Data records:
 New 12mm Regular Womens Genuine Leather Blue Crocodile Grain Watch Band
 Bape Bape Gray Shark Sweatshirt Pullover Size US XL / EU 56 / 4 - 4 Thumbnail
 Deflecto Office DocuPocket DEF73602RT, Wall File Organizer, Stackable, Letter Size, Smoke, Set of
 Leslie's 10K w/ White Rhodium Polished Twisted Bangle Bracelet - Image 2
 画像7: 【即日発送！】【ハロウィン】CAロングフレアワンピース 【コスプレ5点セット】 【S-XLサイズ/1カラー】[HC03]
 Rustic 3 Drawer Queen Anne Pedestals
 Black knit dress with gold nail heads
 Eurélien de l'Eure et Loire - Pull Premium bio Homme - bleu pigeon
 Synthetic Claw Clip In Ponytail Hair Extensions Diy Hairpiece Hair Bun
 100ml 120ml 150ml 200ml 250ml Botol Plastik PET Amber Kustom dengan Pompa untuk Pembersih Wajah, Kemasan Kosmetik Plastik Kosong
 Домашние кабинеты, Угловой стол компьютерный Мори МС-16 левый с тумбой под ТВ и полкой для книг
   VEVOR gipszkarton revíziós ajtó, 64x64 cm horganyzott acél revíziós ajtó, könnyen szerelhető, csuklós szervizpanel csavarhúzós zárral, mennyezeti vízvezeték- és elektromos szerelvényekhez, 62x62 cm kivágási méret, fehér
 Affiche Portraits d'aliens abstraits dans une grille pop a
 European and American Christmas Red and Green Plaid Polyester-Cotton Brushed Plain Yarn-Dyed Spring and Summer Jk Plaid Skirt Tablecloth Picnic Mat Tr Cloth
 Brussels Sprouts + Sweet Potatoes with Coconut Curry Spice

Problem: Reprint exactly the lines above that start at the one with "画像7: 【即日発送！】【ハロウィン】CAロングフレアワンピース 【コスプレ5点セット】" and end at the one with "Eurélien de l'Eure", keeping both and adding none.

Result for this exercise:
 画像7: 【即日発送！】【ハロウィン】CAロングフレアワンピース 【コスプレ5点セット】 【S-XLサイズ/1カラー】[HC03]
 Rustic 3 Drawer Queen Anne Pedestals
 Black knit dress with gold nail heads
 Eurélien de l'Eure et Loire - Pull Premium bio Homme - bleu pigeon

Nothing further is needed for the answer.